The trouble with USMCA’s defamation provisions
By AdvocateDaily.com Staff
By signing on to the United States-Mexico-Canada Agreement (USMCA), the Liberal government agreed to significantly alter the existing common law of defamation, Toronto lawyer and mediator Howard Winkler writes in Law Times.
The winners are companies like Google and Facebook, which facilitate online communication, says Winkler, principal and founder of Winkler Dispute Resolution.
“The loser is the common law protection of reputation and victims of anonymous false and defamatory online statements, such as untraceable comments on rate-my-professional types of sites or Google business reviews,” he writes. “This should be of particular concern to all Ontario lawyers whose reputations are so important and so easily destroyed, as well as to their clients, whose livelihood often depends on their online presence.”
Winkler says the ability to protect one’s reputation is critical, citing a landmark Supreme Court of Canada case, which stated, “to most people, their good reputation is to be cherished above all. A good reputation is closely related to the innate worthiness and dignity of the individual. It is an attribute that must, just as much as freedom of expression, be protected by society’s laws.”
For years, Canadian courts and provincial lawmakers have struggled with the sometimes competing interests between the constitutional right to freedom of expression and the right to protect one’s reputation, he writes.
“This fine balance will be fundamentally altered due to a clause in the USMCA,” Winkler says. “In plain language, this provision will provide absolute immunity to content providers no matter what the nature of the content is that they facilitate.”
“No Party shall adopt or maintain measures that treat a supplier or user of an interactive computer service as an information content provider in determining liability for harms related to information stored, processed, transmitted, distributed, or made available by the service, except to the extent the supplier or user has, in whole or in part, created, or developed the information,” says paragraph two of clause 19.17 of the USMCA.
While some claim this as a victory for freedom of expression, Winkler argues it’s more like a “nail in the coffin” of people's rights to safeguard their reputation from the explosion of anonymous, false and defamatory content that appears online and served up by search engines.
“One of the greatest challenges to business and individuals today is dealing with the proliferation of fake, false and defamatory content on the internet,” he writes. “Anyone with access to a public computer terminal can, with the push of a keystroke, anonymously, immediately and permanently damage the hard-earned reputation of a business or individual.”
Winkler says it’s not uncommon for anonymous individuals to post fake, false or defamatory reviews of a business with the help of a public computer in a library or from a jurisdiction outside the reach of Canadian courts, including the U.S.
“In the U.S., under the provisions of the Communications Decency Act, ‘no provider ... of an interactive computer service shall be treated as the publisher ... of any information provided by another information content provider,’” he writes. “In other words, the law in the U.S. provides absolute immunity to providers such as Google, Facebook and Twitter even when they knowingly provide a vehicle for the publication of demonstrably anonymous, false and defamatory content.”
By contrast, Winkler says other common law countries like Australia continue to lead the way when it comes to online defamation and the liability of secondary publishers.
“In the [case], the Supreme Court of South Australia ruled that once on notice, Google must either remove the material or face liability as a secondary publisher,” he writes.
In the matter, the internet giant refused to remove search results that suggested a doctor was a stalker, which the court found were defamatory, Winkler says.
"The court awarded general damages against Google in the amount of AUD$115,000 (approximately CDN$106,000) for loss of reputation and hurt feelings.
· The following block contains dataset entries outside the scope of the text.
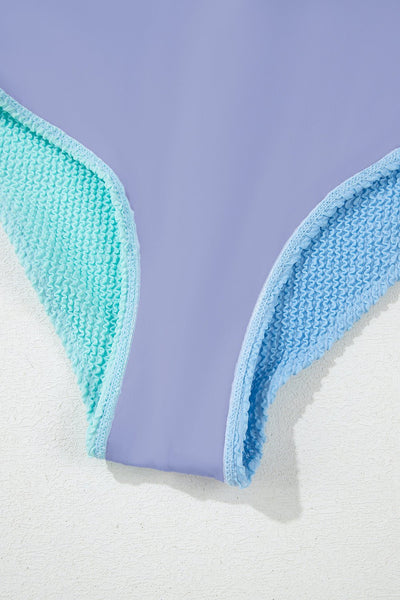 Women's Sky Blue Seersucker Colorblock High-Waist Bikini
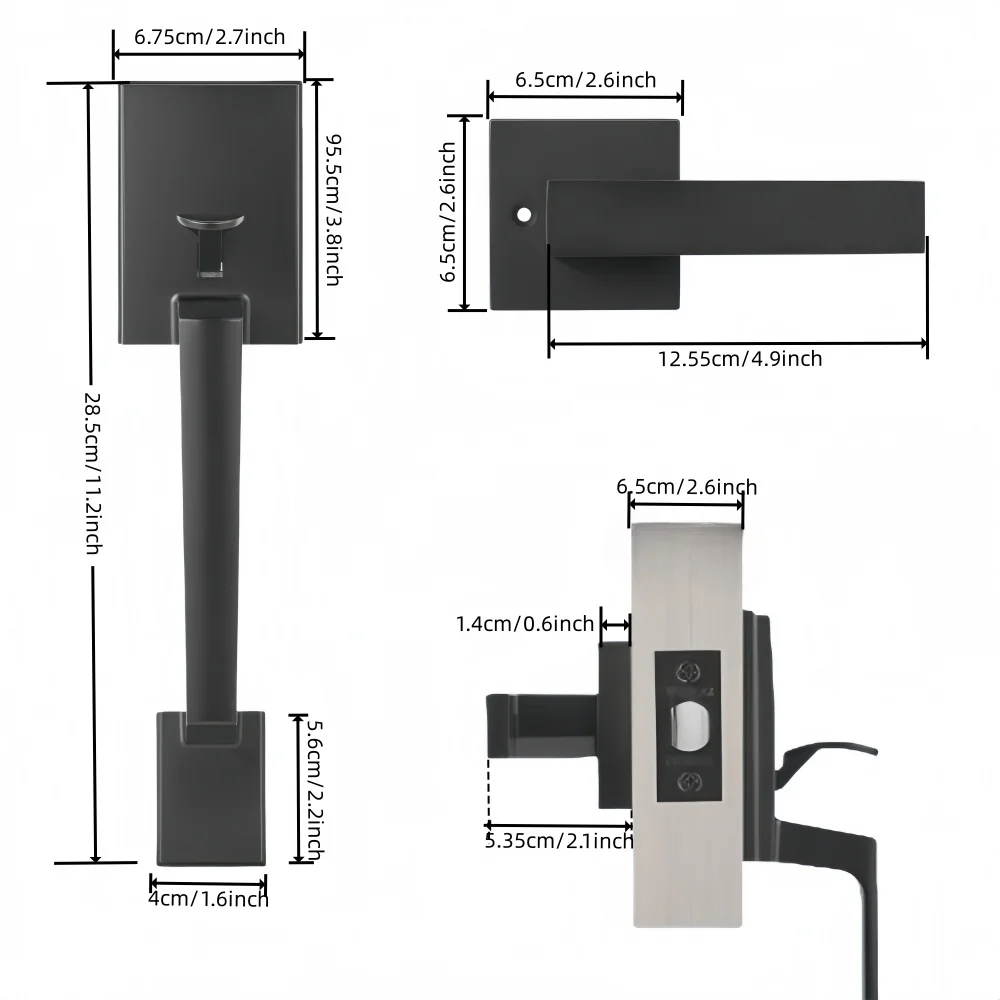 Passage Door Handle | Reversible Left/Right Lever | Modern Front Entry No Lock - Thumbnail 4
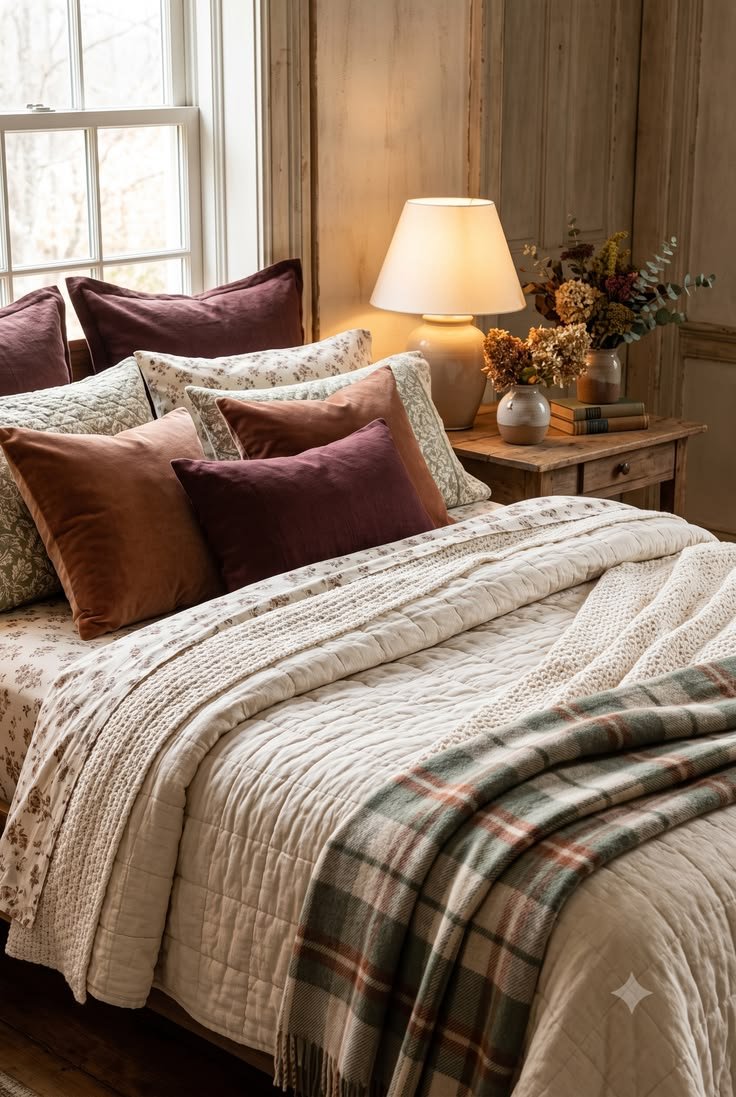 Deep burgundy and blush fall bedding combo for a rich, romantic seasonal look
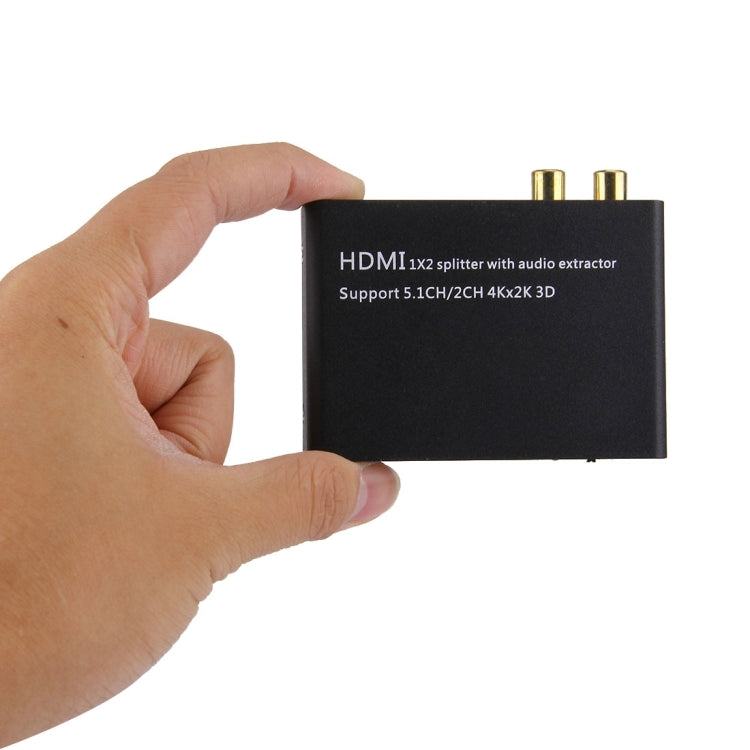 Разветвитель HDMI 1x2 с аудиоэкстрактором, поддержка 5.1CH / 2CH, 4Kx2K, 3D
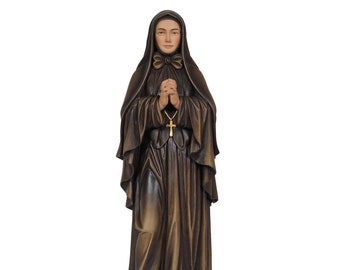 St. Francesca Xavier Cabrini Wooden Statue, Hand-Painted Catholic Gift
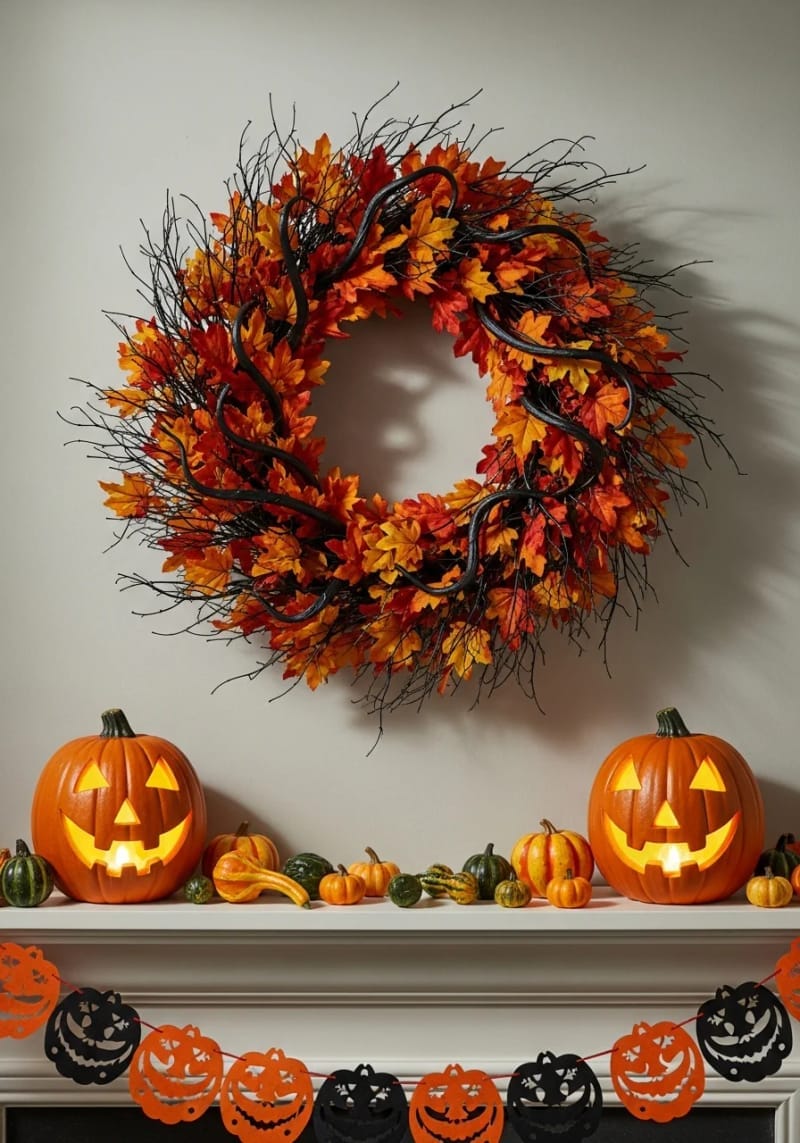 wreath of autumn leaves and black branches, flanked by painted jack-o’-lanterns 1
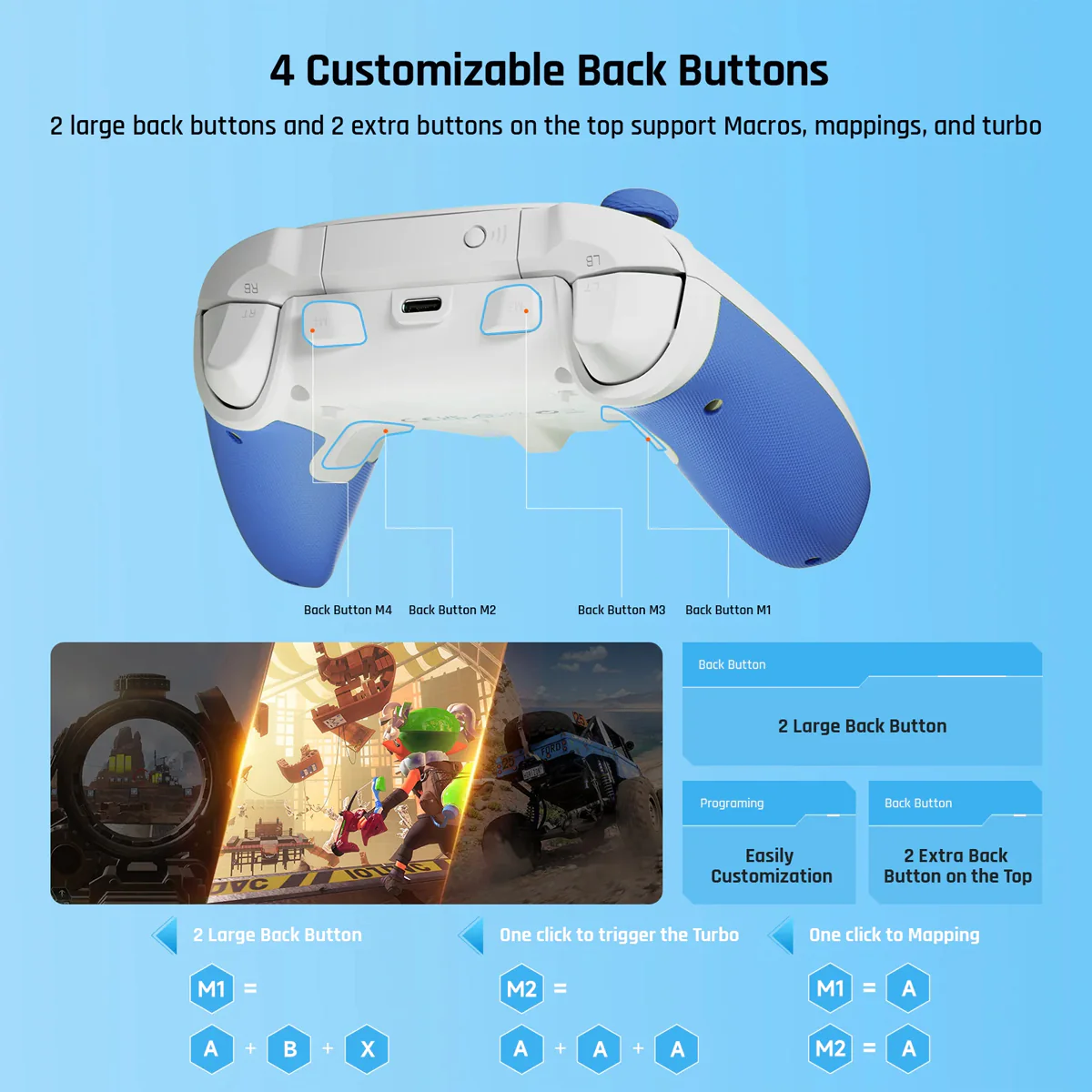 Bigbig Won Rainbow 2 SE Wireless Gaming Controller for Win 10&11 / Switch / Android / iOS (Blue, Pink, Green) - Image 12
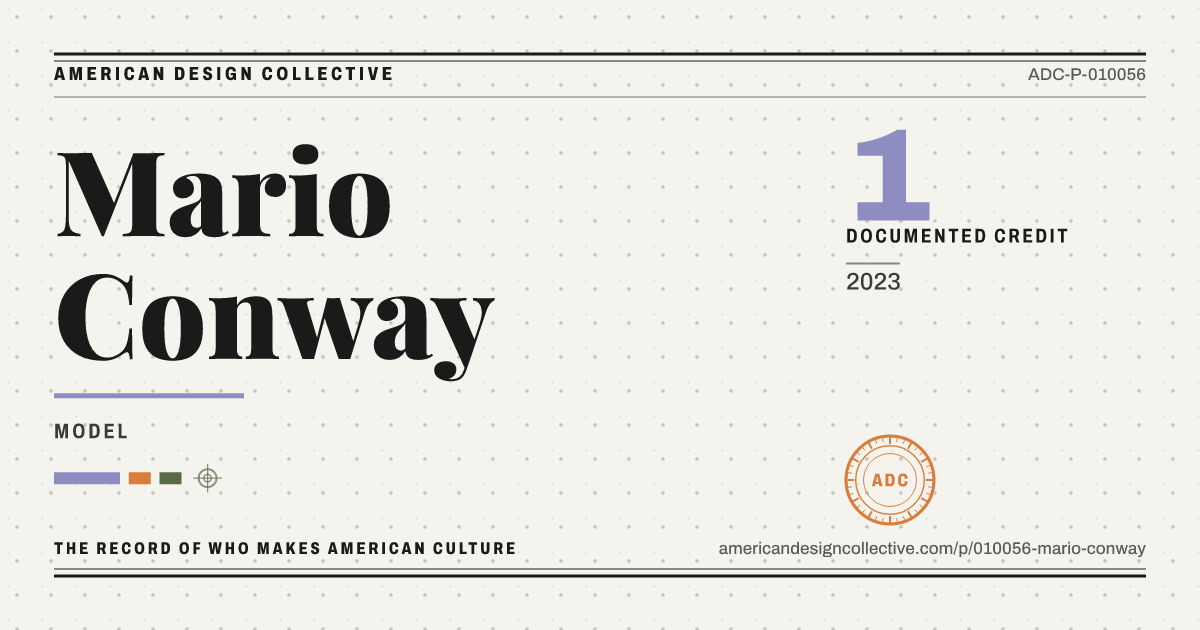 Registry card for Mario Conway: the ADC seal, Mario Conway, and how much is on record.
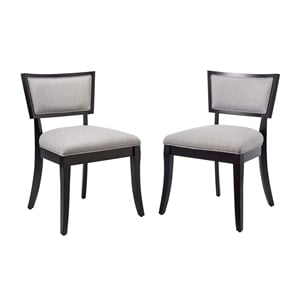 Modway Pristine Solid Wood and Fabric Dining Chairs in Light Gray (Set of 2)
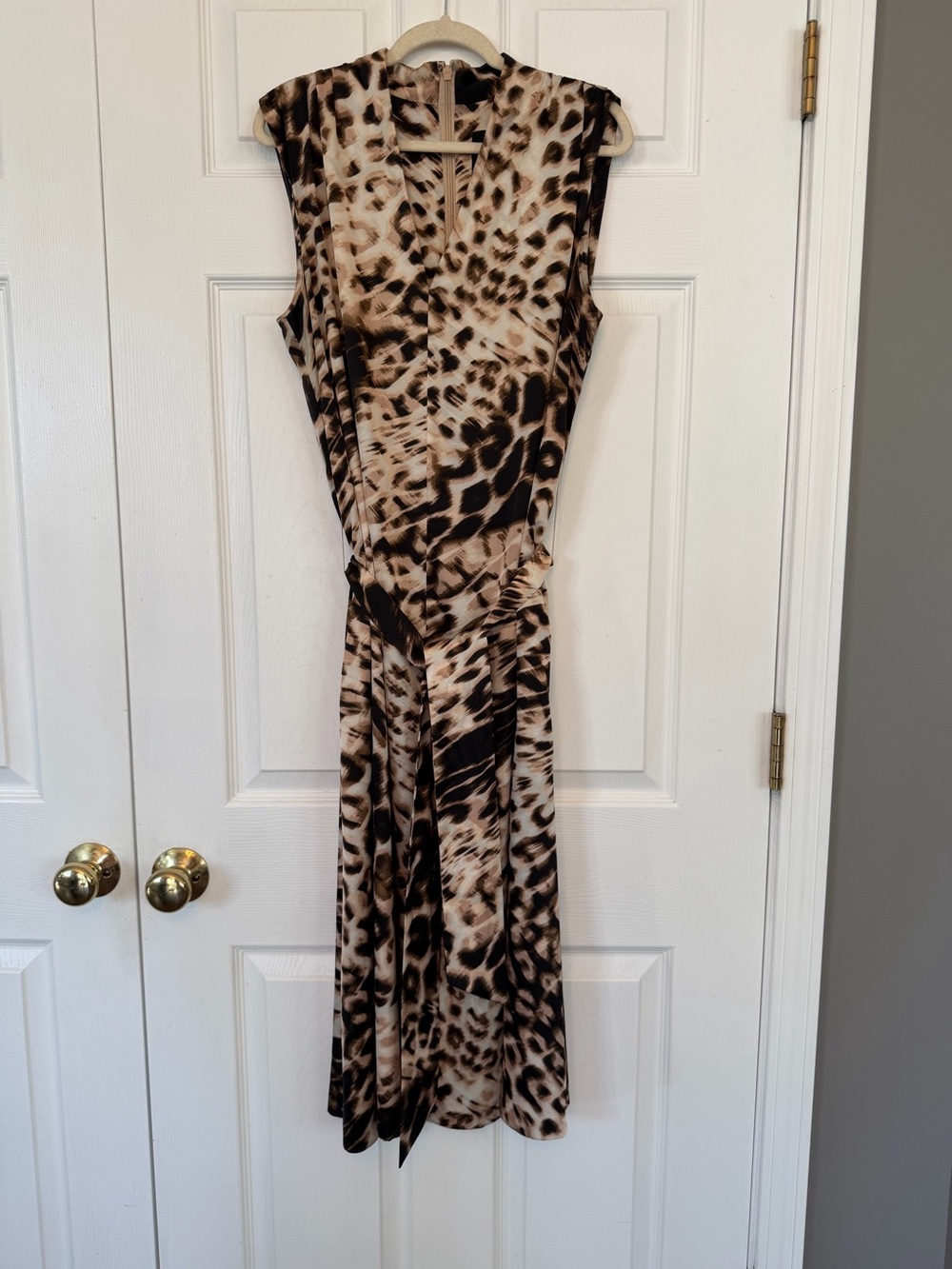 Alex Marie Sleeveless Maxi Belted Dress in Tan and Black Animal Print. Size 10 - Picture 3 of 8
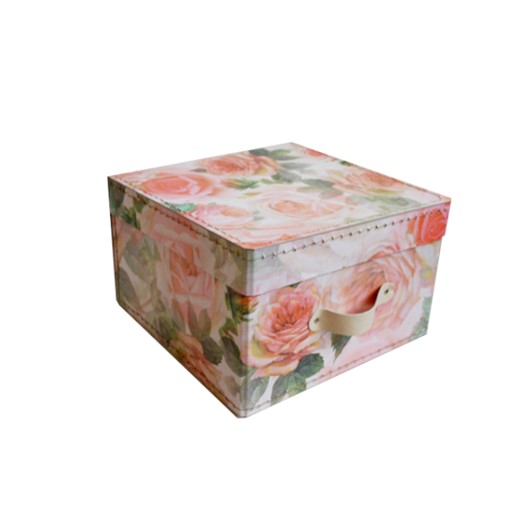 Square storage box 22 cm big roses
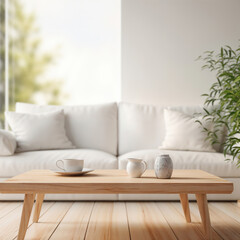 Poster - Wooden table with living room with white sofa and big windows background
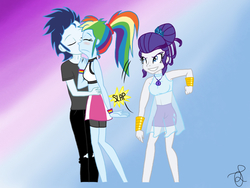 Size: 1024x768 | Tagged: safe, artist:ilaria122, rainbow dash, rarity, soarin', equestria girls, g4, clothes, compression shorts, draw the squad, equestria girls-ified, hair bun, high five, low five, male, midriff, ponytail, ripped pants, see-through, ship:soarindash, shipping, skirt, straight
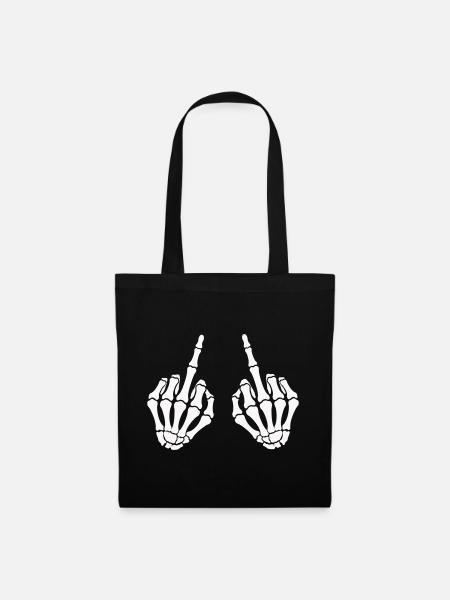 skull-hand_mittelfinger_2 - Stoffbeutel - Schwarz
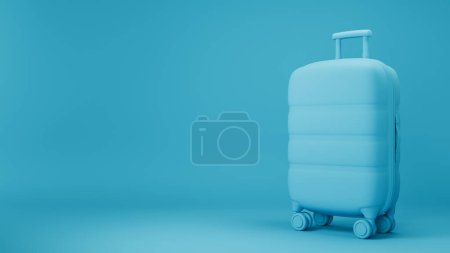 Téléchargez les photos : Une valise de voyage. Concept de vacances. Monochrome bleu rendu d'image 3d - en image libre de droit
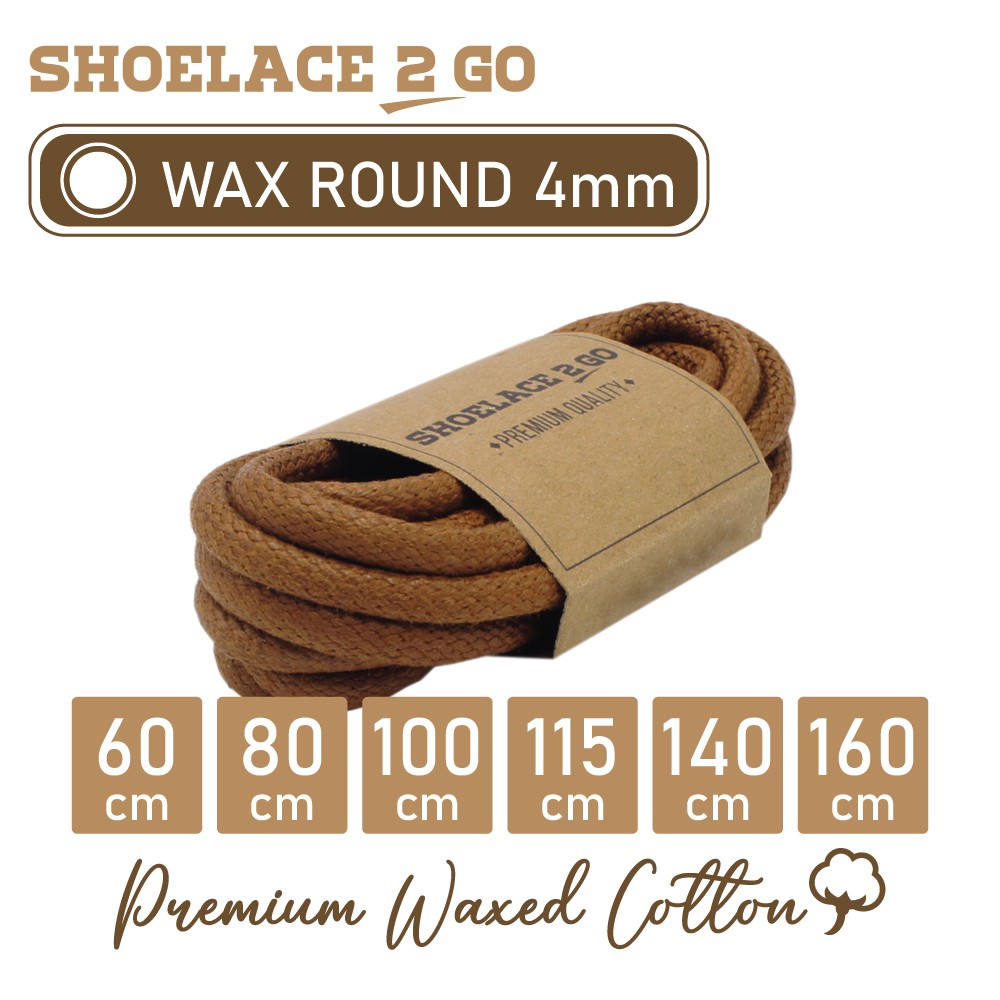 SHOELACE 2 GO PREMIUM TALI SEPATU LILIN WAX BULAT ROUND - WR4 - C1 - BROWN - 4MM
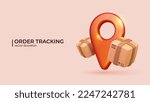 3D Online delivery tracking concept. Realistic 3d Design of Fast respond delivery package shipping on mobile. Online order tracking in Trendy colors. Vector illustration in cartoon minimal style.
The award was upheld on appeal," he adds.
“The ignorant should not be allowed to wreck reputations with impunity. Once knowledge ... of the words is proved, the secondary publisher who persists in dissemination of the material carries the risk of the ultimate findings as to their meaning ... ” said the ruling.
The common law approach of imposing some responsibility on service providers to exercise control over the content they facilitate make sense and without the USMCA, there’s no reason to think Ontario courts wouldn’t follow the same principles, Winkler writes.
“Finally, the law of defamation is a provincial power. While the enactment of paragraph 2 of clause 19.17 of the USMCA may be within federal powers as it relates to intellectual property, it is arguable that only the provinces can enact legislation affecting the law of defamation,” he says.
Winkler advises provincial legislators and Ontario courts to pay close attention to the USMCA provision and ensure they uphold protection for reputational damage.
“The matter should not be left to the whim of Prime Minister Justin Trudeau or U.S. President Donald Trump,” he writes. “While Trudeau may have intentionally or unwittingly given Google an early holiday gift, one can only hope that, with the passage of time, it amounts to nothing more than a lump of coal.”